The Press Democrat ·

Yogurt tubs to lawn chairs: Sonoma County’s new recycling life cycle

Environment

The Santa Rosa mateials recycling facility, which serves over 170,000 customers in 13 communities, handles up to 880,000 pounds per day of mixed recyclables. (Polypropylene Recycling Coalition)

One year ago, Recology poured $35 million into its Santa Rosa recycling plant. With 100 conveyor belts, optical scanners, and storage bunkers the size of small houses, the Materials Recovery Facility (MRF) was billed as one of the highest-capacity recycling operations on the West Coast.

The upgrade wasn’t just for show. It turned the plant into one of the few in California able to capture polypropylene — #5 plastic — the stuff in yogurt tubs, butter containers, takeout cups, and endless caps and lids. Before the upgrade, most of that plastic went to the landfill.

The fix came with help from The Recycling Partnership, a national nonprofit backed by consumer brands and industry groups that fund recycling upgrades across the country. Through its Polypropylene Recycling Coalition, the Partnership gave Recology a grant to install specialized sorting equipment.

“When we first engaged with Recology, the facility wasn’t able to sort polypropylene at all,” says Brittany LaValley, who works with the Partnership. “That grant helped them install the equipment to capture it and move it into the market for a second life.”
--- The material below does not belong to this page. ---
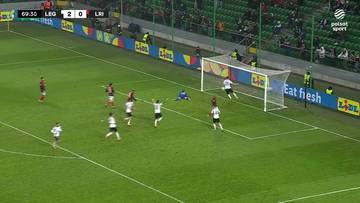 Piłkarze Legii Warszawa świętują strzelenie gola w meczu przeciwko Lincoln Red Imps. Wynik meczu 3:0 dla Legii.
Where does it go after it leaves Sonoma County? LaValley points to reclaimers in Oregon, Nevada, Southern California, and even British Columbia. “Right now, polypropylene is being turned into durable goods like lawn furniture, plastic lumber, even railroad ties,” she says.

It’s not a perfect loop — your butter tub isn’t becoming another butter tub just yet — but it’s progress. And progress matters, because California law now requires a 65% recycling rate for single-use packaging and foodware by 2032. New rules under SB 343 will also tighten up labeling so only materials that can actually be recycled get that familiar chasing-arrows symbol.

LaValley thinks those changes will matter to everyday residents. “Consumers shouldn’t feel like the entire success or failure of recycling rests on their shoulders,” she says. “The system is complex. But what we’re seeing in Sonoma County shows that investment and innovation can make it better.”

Still, the future isn’t simple. In Rohnert Park, a company called Resynergi has applied to build a facility that uses pyrolysis — a heat-based process sometimes called “chemical recycling” — to turn plastics into oil. Neighbors worry about emissions and health risks, with some calling it incineration in disguise.

LaValley doesn’t dismiss those concerns. “We need to be diligent in understanding new technologies,” she says. “But innovation is absolutely needed. Recycling is never going to be perfect — the challenge is too big — but it can keep getting better.”

One year in, Sonoma County’s $35 million bet on recycling is humming along. The plant is processing nearly 900,000 pounds of material a day and capturing plastics that used to be trash. Whether that momentum carries forward — and whether residents embrace the next wave of recycling technology — will decide if the investment becomes a model or just a moment.